We’ve all heard that if a real estate investor wants to find the next hot nabe, he only needs to find where the artists and gay people are moving. According to The Observer, though, it pays to watch a particular subset of the gay community: Lesbians. “Practical, and always in search of domesticity, lesbians are handy urban pioneers, dragging organic groceries and prenatal yoga to the ‘frontier’ neighborhoods they make hospitable for the rest of us,” writes The Observer. “In three to five years.” Sharon Zukin, a Brooklyn College professor and author of Naked City: The Death and Life of Authentic Urban Places, identifies an even further subset to keep an eye on: “Lesbians may be canaries in the urban coal mine. And lesbian moms may be an even more acute canary, maybe because they are especially concerned about the character of the school district.” And which neighborhood have the lesbians annointed now? Kensington, where one lesbian rejoiced over the “crazy amount of space” while admitting that the trade-off is that “there is nothing to do within walking distance except grocery shopping.” The article has already been met by criticism from one blog. In a post titled Bad Gentrification Writing, Ditmas Park Blog says, “This Observer story really reads like a parody of the genre, and manages to get all the details wrong in passing…We remember the days when they had editors, and a clue, at the Observer.”
Lesbians as ‘Canaries in the Urban Coal Mine’ [Observer]
Photo by bonnevilleyacht76
I think the only photo that shows someplace in Kensington is the one Brownstoner is using. Way to go, Mr. B!
“If you are trying to say that stereotypes are an accurate reflection of those who they purport to describe, even if not every individual member of that group fits, well, not really”
Well, if you take out the word “accurate”, that IS actually an accurate description of “stereotype”…a generic description of group behavior which may not apply to individuals. Just because the use of the word is pejorative does not mean it’s not valid.

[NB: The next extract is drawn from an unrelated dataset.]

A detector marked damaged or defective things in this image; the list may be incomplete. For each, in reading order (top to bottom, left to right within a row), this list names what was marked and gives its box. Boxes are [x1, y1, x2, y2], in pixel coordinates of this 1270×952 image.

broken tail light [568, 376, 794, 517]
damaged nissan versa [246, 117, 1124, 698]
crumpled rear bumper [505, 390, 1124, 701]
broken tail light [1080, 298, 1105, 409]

Will there soon be a “Scratch and Sniff” function here???
“I also highly resent the “urban pioneers…neighborhoods…[they] make hospitable for the rest of us.” We’re talking about neighborhoods with people who have been getting along fine, raising their families and living their lives. Not perfect neighborhoods, like there are any, but not the same as colonizing Mars, either.”
Well that what they do at Brownstoner, right?????????!!!
The What
Someday this war is gonna end..
quote:
And I don’t like stereotype of gay or lesbian gentrifying a neighborhood.

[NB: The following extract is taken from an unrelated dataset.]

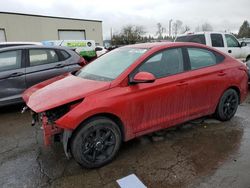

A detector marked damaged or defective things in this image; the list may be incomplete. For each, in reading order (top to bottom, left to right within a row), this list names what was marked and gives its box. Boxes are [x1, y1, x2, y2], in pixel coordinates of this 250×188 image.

how and why did that notion ever even come to play? im being serious. i know lots of people like to think that omg the gays moved somewhere and then others move in. what? i think maybe back in the day that could be the case when there were tons of sex clubs in seedy neighborhoods, but how is that even remotely true these days? supposedly lesbians dressed like christopher columbus discovered park slope and gay men dressed like biker clowns discovered chelsea, but like was that really the case? or is it just a case of gay people in general stealing claims and self aggrandizing themselves on stuff? i suspect the latter.. honestly.

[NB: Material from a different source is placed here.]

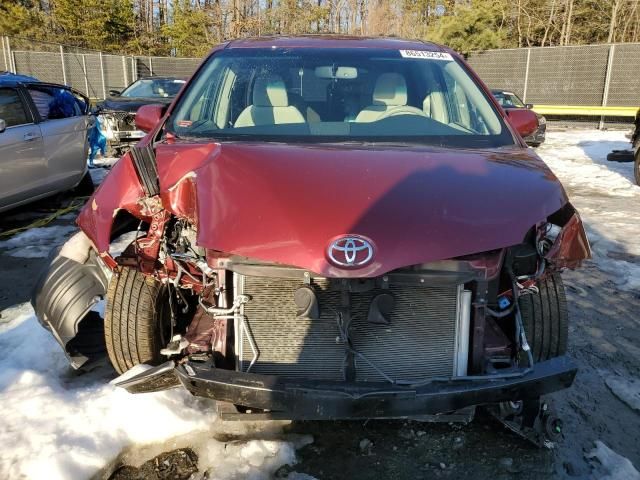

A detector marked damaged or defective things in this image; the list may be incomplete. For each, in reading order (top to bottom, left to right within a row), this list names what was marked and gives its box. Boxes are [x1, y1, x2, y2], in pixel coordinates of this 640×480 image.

crumpled hood [154, 142, 564, 278]
crumpled fender [30, 231, 110, 370]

one of the worst qualities i think gay people have in general is that they try to pretend like they discovered crap first. please, check your egos at the door. i know some of you straight people agree with me.
*rob*
Nobody’s mentioned the awesomest headline ever? Or complained!?
Vox Pop, Natural Frontier, Sycamore, Stratford Road, the Food Co-op are in “Victorian Flatbush” as stated but, all the places mentioned are in Ditmas Park West and not Kensington. Yes, there is no invisible forcefield separating the two neighborhoods, but if your feature is on Kensington why site locations adjacent to the area?
The area is not “deep, deep” Brooklyn, nor is it miles away from Park Slope.
Author should have taken some of the time spent on sex orientaton and researched neighborhood orientation.
even using ‘canary’ implies they are just a test to see if survive. Agree that idea of ‘pioneer’ is condescending. And I don’t like stereotype of gay or lesbian gentrifying a neighborhood.
Besides all the patronizing nonsense in the article, it appears fact checking took a budget cut at the Observer. Every place the article mentions and the accompanying photos are not even in Kensington but in neighborhoods of Victorian Flatbush.